ENUM(ColorChannel, Red = 1, Green, Blue)

int main()
{
    ColorChannel channel = ColorChannel::Green;

    std::cout << channel._to_string() << std::endl;

    return 0;
}

The program above prints Green.

We have turned the compiler into a reflective enum generator. You can try it online here.

Note the use of an initializer on Red. Any initializer that is possible with built-in enums is allowed. That includes arbitrary constant expressions. And, we are using the built-in syntax, so these enums have a very low learning overhead. That is the contribution of this article. They are also easy to use, since we will have a single-header-only library.

Many readers avoid macros, which is understandable. I will explain why this one macro is the minimum and cannot be done away with.

To perform the conversion, we will generate two arrays (of names and values). This is typical in other approaches – but we have to take care of initializers. Once we have those arrays, we can do much more than just convert enums to strings. We can:

  • Convert from strings.
  • Iterate over enums.
  • Check that an integer is a valid enum value.
  • Report the number of constants in an enum.

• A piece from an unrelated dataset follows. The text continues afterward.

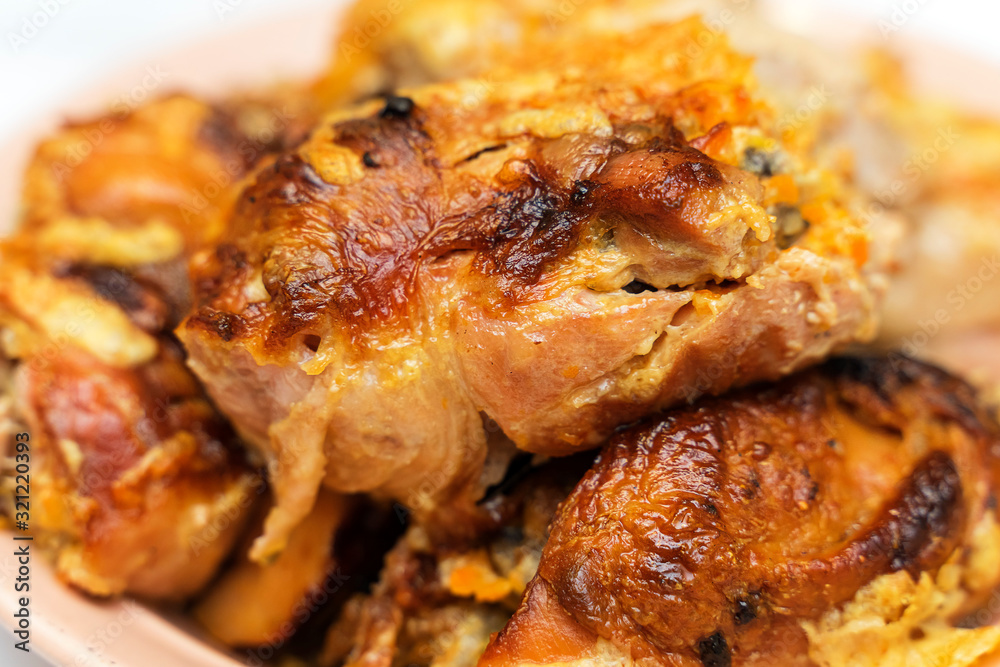 pieces of appetizing fried chicken close-up with a crispy crust lie on a plate pieces of appetizing fried chicken close-up with a crispy crust lie on a plate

and so on. I won't show how to do all that here – it's easy once you have the arrays. This article focuses on generating them.

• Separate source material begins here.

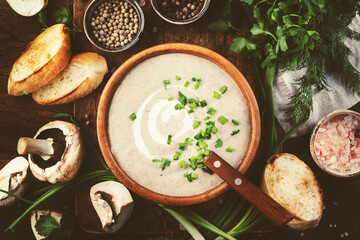 Creamy Mushroom Soup with croutons, spices and chives on rustic wooden table background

The solution presented here can also be taken in several other directions, such as:

  • Underlying types, including non-integral ones.
  • Maintaining type safety, such as case checking in switch. This will be touched on in the article.
  • Compile-time reflection for use in metaprogramming.
  • Stream operators.

Complete Implementation

I have created a full-featured single-header enum library based around the technique (docs). You are welcome to try it online here. It takes care of providing all the features listed above in a portable fashion. It takes advantage of C++11 when it is available. It is free to use and fork under the BSD license.

Towards Reflection

This section explains why the code looks the way it does – what problems have to be solved along the way to generating a reflective enum.

Do we need a macro?

The first question is: is it absolutely necessary to use a macro? I believe the answer is yes. To the best of my knowledge, the only way to convert a token such as Red into a string "Red" in C++ is the preprocessor stringization operator #. So, we have to pass the enum constant list to a macro, so that the macro can then stringize the constants in the right place.

Outline

With that out of the way, we want the macro to expand to something like this:

ENUM(ColorChannel, Red = 1, Green, Blue)

// Becomes:

struct ColorChannel {
    enum _enumerated { Red = 1, Green, Blue };

    _enumerated _value;

    static const int  values[] = { 1, 2, 3 };
    static const char *names[] = { "Red", "Green", "Blue" };

    const char* to_string() const { /* Straightforward implementation. */ }
}

This is done using variadic macros, so the declaration begins with:

ENUM(EnumName, ...)                   \
struct EnumName {                     \
    enum _enumerated { __VA_ARGS__ }; \
                                      \
    _enumerated value;                \
                                      \
    /* We will refer to __VA_ARGS__ again here. */
};

The declaration of _enumerated above already triggers the compiler's value assignment procedure, so we have that taken care of: ColorChannel::Red is now 1, ColorChannel::Green is 2, and ColorChannel::Blue is 3.

Values array

This is the first reflection challenge. To generate the values array {1, 2, 3}, we can try to simply refer to the constants of enum _enumerated, since they are in scope:

static const int  values[] = { __VA_ARGS__ };

But that doesn't work. It expands to:

static const int  values[] = { Red = 1, Green, Blue };

The initializer on Red makes this invalid C++, since Red is not an assignable expression.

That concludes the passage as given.